How can you miss this throw? Remember the stats from the game for Tannehill.
Adam Gase goes for the kill shot here, and gets a receiver with at least 2 steps ahead of the nearest defender, and Tannehill flat out misses him. The Jets are caught in a zone defense here with the safety turned around to the wrong side. It’s clear the corner-back expects safety help over the top, but it never materializes as the safety goes towards the middle of the field. If the safety doesn’t go over to the middle of the field, then the slot receiver from the right side of the formation is going to open for a sizable gain. If the safety doesn’t go to the middle of the field, but Jamal Adams takes the slot receiver over the top, then the outside receiver from the right side of the field is going to be open down the sideline. You can see how the progression is set up from left to right for Tannehill, but he has his first option wide open. It’s a great set up by the Dolphins, especially because Todd Bowles is playing “What would I do” defense and expecting a run up the middle with the lead.

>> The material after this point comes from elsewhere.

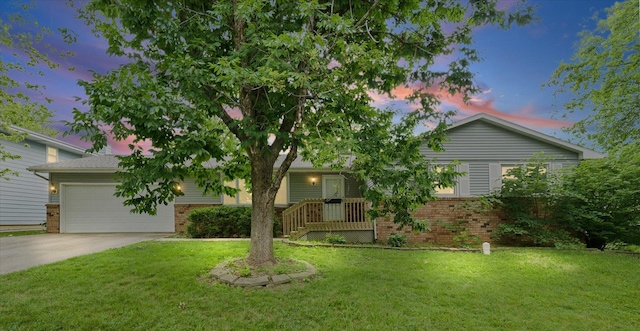 302 S Orr Dr, Normal, IL 61761 - obstructed view of property featuring brick siding, concrete driveway, and a front yard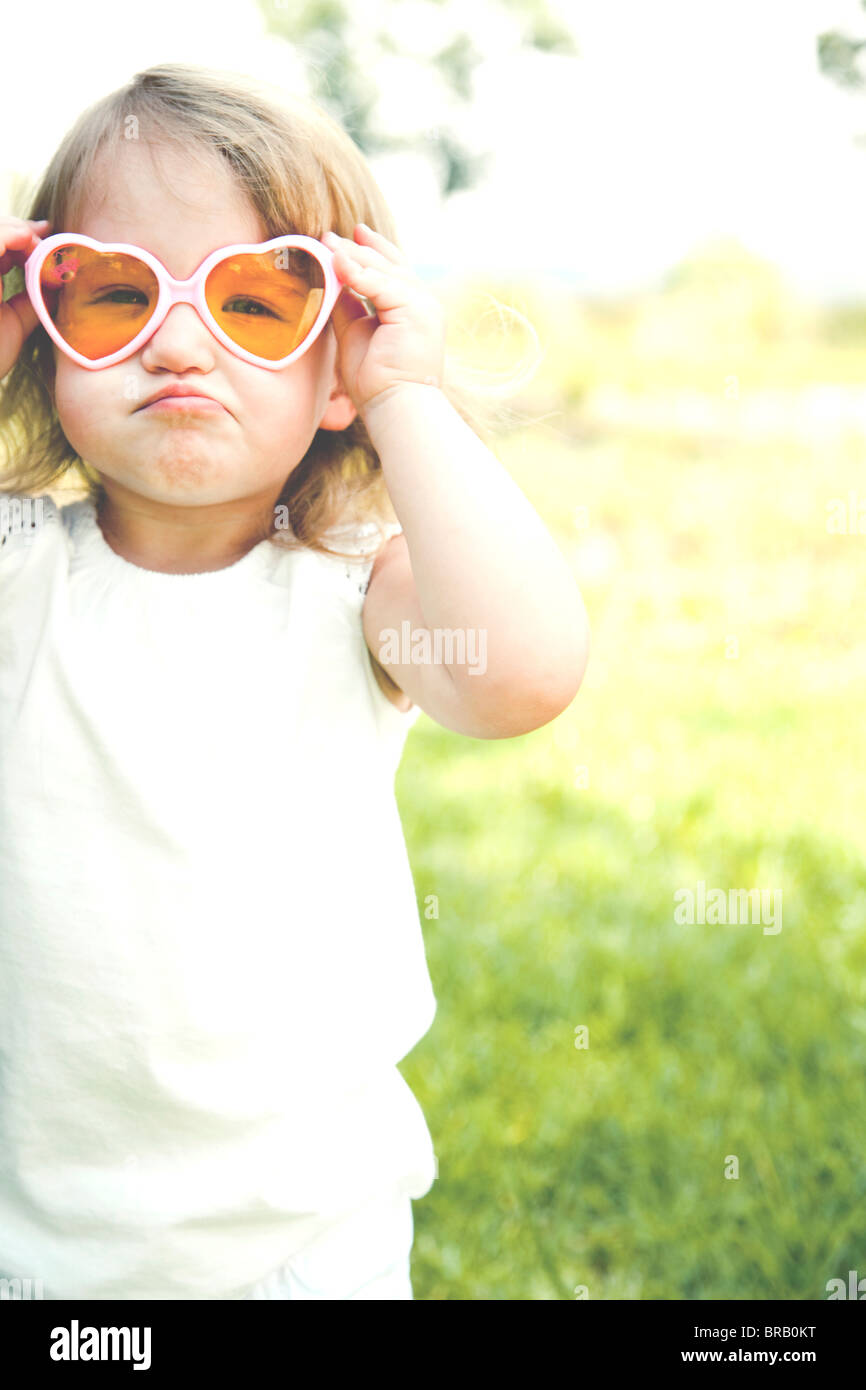 Young girl in heart shaped sunglasses Stock Photo Alamy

Adam Gase is not perfect by any means, as we will explore later in the off-season. However, his offensive system was extremely limited by the inability of Ryan Tannehill to make post-snap reads, which thwarted numerous opportunities for easy yardage and first downs. I’m not making the argument that Gase would be the poster child for offensive innovation with a good QB, but judging by purely stats is an empty exercise. Tannehill has the physical ability to make every throw in the book, and enough mobility to be a threat in the running game, but his play recognition is definitely not up to standard. These are just two games I’ve looked at, since Jets fans are familiar with both of the defenses. I’ll look at other games from this past season as the off-season rolls on to highlight the reason why Miami might trade up in the upcoming draft for a QB. Furthermore, we will examine some of the shortcomings of Gase’s passing offense as well because he certainly wasn’t perfect.